By Yahya Arko
The ongoing crisis in Western Sudan, Darfur began in 2003. This is as a result of fighting between the government of Sudan and its militia, composed of a movable group of fighters mostly of Arabic background known as Janjaweed, and rebel groups, notably the Sudan Liberation Army (SLA) and the Justice and Equality Movement (JEM). Rebel groups claim that Arab-ruled government of Sudan is intentionally causing social inequality, political marginalisation and discrimination towards black Africans.
The government refuses to respond to rebel’s demands and instead, armed and supported the Janjaweed militia to carry out a military campaign against civilians. Militias have consistently attacked villages and killed civilians that share the same ethnicity as the rebel groups, steal livestock and poison water supplies, and the government air forces burn the villages to the ground.

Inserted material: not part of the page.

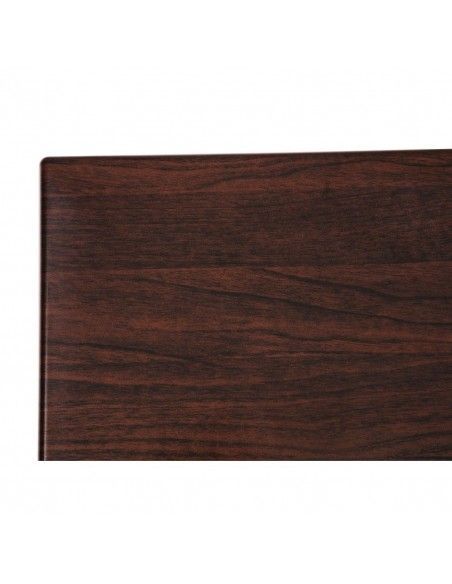 Plateau de table carré Bolero marron foncé 600mm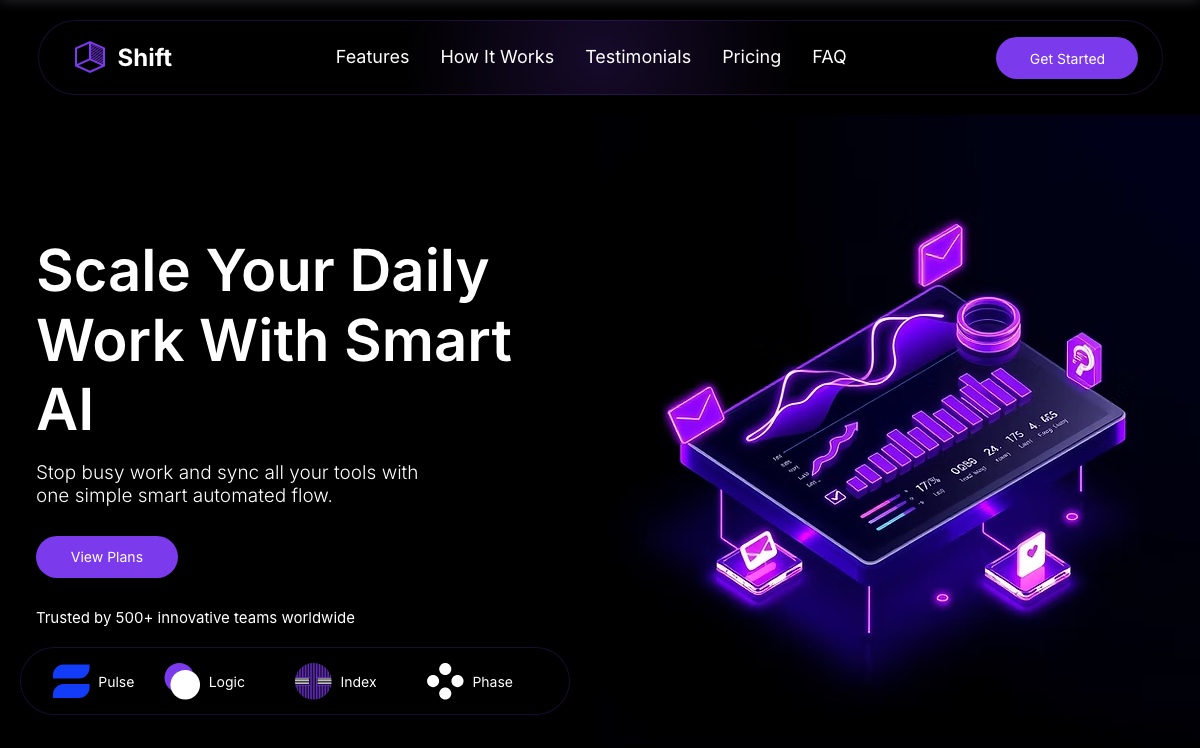 Shift Automation Website Template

The militia repeatedly rape girls and women who live in internally displaced person camps when they go out to collect firewood or water. As a result more than 2.7 million people have been forced to leave their homes and seek refuge in internally displaced person camps or to neighbouring countries such as Chad. According to non-governmental organisations, it is estimated that over 400,000 people have been killed since the conflict started.
The Darfur conflict has now been going for ten years. On a daily basis men are killed, women are raped and children are dying of malnutrition. The conflict is ongoing, and peace is nowhere near. The government and rebels are not willing to stop the conflict.
The international community has also failed the people of Darfur; the International Criminal Court (ICC) did not follow through with the indictment of the President of Sudan, Omer Al-Bashir, on charges of crimes against humanity. Al-Bashir has made many trips to the states that signed the Rome Statute such as Chad, and the ICC has said nothing.
Darfur is no longer on the international community’s agenda and is no longer in view of the international media. When is the international community going to meet its moral obligation and listen to its conscience, instead of turning a blind eye to the conflict?